Where the line with "Wild european hare" appears below, start writing out lines exactly, and finish with the line with "textiles in the", which is included; write out nothing else.

======== INPUT FOR THIS TASK ========

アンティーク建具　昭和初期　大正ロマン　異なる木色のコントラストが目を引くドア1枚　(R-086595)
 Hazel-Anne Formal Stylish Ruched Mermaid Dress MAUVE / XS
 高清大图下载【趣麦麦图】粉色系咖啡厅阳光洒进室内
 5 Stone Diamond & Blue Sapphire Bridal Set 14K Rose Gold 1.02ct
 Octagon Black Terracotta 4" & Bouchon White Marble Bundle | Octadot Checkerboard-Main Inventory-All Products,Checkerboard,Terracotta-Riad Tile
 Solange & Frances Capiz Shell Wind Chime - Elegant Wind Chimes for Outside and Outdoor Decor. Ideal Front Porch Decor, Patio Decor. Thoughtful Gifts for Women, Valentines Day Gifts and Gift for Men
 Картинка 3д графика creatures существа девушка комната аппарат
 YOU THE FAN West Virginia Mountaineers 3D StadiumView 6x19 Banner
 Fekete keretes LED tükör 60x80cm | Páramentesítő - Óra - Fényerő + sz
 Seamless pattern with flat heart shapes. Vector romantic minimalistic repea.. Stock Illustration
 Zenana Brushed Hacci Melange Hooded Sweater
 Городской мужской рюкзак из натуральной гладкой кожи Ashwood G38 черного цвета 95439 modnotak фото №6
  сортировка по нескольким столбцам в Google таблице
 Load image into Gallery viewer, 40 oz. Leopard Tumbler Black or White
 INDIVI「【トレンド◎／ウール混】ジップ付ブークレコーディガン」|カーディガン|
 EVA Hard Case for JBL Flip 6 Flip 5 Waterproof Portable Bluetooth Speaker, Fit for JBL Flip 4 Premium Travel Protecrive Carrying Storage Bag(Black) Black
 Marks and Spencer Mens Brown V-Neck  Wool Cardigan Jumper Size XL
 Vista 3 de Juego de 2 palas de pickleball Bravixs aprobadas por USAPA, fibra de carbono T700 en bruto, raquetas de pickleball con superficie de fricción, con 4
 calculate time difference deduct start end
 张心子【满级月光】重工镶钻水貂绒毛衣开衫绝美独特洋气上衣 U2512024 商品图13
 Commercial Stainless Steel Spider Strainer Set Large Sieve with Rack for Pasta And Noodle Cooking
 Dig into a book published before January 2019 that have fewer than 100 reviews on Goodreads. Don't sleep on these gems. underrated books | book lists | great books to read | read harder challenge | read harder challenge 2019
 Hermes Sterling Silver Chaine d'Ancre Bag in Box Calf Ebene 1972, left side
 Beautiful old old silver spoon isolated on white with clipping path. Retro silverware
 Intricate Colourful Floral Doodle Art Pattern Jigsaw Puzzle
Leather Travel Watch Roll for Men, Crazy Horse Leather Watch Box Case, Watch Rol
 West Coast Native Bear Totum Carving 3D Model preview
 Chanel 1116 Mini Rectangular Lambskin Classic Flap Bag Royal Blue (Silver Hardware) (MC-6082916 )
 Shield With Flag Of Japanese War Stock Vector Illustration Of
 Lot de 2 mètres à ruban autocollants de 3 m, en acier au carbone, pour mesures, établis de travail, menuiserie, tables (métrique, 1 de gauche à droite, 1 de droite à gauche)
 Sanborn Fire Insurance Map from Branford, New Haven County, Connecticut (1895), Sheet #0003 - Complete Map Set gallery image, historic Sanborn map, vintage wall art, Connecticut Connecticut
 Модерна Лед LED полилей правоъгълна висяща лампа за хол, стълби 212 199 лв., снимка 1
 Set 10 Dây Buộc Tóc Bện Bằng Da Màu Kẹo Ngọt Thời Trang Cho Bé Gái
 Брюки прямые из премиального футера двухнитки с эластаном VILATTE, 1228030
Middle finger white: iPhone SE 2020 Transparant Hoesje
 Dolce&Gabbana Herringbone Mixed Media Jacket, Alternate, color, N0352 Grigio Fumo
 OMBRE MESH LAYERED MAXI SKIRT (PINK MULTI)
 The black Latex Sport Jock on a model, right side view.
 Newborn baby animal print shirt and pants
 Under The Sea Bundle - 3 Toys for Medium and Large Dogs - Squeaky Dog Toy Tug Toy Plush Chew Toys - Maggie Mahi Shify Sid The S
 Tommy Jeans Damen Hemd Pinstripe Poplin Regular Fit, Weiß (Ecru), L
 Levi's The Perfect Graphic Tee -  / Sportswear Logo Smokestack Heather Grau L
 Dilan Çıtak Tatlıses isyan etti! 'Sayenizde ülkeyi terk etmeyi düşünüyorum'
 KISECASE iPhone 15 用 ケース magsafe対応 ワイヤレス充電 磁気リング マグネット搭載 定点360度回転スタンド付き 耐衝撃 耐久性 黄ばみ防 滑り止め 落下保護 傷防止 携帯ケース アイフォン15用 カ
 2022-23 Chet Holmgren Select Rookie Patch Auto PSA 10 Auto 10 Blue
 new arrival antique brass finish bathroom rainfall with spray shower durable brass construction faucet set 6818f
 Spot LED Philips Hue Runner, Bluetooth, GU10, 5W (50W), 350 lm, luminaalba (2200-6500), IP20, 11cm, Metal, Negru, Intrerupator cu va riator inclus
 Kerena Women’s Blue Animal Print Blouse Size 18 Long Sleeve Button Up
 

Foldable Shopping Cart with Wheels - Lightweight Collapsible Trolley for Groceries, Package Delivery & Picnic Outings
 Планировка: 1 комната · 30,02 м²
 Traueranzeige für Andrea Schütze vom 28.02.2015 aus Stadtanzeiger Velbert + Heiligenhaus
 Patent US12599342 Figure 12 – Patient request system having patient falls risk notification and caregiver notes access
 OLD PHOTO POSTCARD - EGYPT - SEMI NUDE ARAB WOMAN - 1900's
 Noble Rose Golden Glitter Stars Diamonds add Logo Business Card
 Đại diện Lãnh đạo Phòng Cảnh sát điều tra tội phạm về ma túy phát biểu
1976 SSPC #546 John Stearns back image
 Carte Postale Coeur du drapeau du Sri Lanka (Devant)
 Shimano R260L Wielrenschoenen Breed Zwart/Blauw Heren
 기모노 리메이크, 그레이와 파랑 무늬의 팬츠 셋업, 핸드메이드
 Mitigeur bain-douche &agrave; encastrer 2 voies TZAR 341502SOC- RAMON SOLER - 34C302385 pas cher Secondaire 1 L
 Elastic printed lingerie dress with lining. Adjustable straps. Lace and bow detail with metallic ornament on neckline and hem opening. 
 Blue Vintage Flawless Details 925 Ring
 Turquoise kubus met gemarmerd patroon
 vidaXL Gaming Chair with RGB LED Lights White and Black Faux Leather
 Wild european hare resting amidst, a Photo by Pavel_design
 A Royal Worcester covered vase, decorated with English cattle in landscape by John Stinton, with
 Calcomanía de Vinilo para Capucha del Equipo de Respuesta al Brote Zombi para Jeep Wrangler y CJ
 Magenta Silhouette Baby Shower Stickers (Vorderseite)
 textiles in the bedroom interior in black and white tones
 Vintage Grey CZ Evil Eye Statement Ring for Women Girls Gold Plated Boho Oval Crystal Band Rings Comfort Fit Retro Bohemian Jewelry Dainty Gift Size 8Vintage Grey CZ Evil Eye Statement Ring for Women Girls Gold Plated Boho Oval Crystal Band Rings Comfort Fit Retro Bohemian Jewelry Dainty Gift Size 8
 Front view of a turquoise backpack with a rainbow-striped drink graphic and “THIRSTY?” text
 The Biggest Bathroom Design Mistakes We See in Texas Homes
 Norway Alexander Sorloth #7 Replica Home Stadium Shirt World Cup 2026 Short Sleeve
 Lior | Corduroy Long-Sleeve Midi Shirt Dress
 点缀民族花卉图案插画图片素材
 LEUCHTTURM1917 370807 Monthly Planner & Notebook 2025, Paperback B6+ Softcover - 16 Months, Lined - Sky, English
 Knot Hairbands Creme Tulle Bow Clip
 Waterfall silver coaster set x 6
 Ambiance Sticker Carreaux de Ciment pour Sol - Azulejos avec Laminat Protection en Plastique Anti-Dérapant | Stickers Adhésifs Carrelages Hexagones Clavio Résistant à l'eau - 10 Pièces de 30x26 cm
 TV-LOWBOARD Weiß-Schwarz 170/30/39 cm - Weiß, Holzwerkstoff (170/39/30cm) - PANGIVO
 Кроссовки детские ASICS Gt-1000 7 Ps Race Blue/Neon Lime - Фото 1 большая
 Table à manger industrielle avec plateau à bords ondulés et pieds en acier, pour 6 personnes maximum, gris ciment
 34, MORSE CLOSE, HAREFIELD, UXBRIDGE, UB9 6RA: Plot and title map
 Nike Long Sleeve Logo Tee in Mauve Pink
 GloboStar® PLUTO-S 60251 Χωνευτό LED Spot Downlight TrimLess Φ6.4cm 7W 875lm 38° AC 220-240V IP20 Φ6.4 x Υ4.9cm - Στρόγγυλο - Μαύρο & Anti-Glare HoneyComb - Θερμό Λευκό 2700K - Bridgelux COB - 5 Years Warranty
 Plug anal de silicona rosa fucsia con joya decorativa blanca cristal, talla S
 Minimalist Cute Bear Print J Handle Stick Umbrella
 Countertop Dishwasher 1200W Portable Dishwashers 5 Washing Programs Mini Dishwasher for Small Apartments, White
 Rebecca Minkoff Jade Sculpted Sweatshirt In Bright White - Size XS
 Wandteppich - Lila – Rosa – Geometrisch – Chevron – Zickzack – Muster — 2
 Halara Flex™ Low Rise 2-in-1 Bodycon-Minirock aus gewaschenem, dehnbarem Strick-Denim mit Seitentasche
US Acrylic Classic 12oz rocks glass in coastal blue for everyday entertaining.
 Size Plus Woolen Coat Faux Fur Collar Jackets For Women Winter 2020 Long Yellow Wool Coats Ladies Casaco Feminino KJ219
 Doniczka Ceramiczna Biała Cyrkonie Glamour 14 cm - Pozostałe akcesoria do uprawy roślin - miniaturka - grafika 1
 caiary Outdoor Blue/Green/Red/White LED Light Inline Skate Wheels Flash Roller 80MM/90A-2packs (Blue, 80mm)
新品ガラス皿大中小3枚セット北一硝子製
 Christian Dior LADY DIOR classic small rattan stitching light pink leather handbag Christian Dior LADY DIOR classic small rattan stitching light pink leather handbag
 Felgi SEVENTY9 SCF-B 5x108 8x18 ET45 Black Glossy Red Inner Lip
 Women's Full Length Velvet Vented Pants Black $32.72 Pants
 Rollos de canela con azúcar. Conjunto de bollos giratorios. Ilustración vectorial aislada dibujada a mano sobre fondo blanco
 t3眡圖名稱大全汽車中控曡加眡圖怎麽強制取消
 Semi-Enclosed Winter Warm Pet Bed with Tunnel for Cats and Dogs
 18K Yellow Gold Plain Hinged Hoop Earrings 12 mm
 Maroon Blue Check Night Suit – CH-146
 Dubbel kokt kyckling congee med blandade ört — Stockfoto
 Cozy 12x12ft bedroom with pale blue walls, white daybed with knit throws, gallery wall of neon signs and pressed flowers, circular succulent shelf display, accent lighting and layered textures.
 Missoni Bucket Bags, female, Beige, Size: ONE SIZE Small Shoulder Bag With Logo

========

** REPLY **
 Wild european hare resting amidst, a Photo by Pavel_design
 A Royal Worcester covered vase, decorated with English cattle in landscape by John Stinton, with
 Calcomanía de Vinilo para Capucha del Equipo de Respuesta al Brote Zombi para Jeep Wrangler y CJ
 Magenta Silhouette Baby Shower Stickers (Vorderseite)
 textiles in the bedroom interior in black and white tones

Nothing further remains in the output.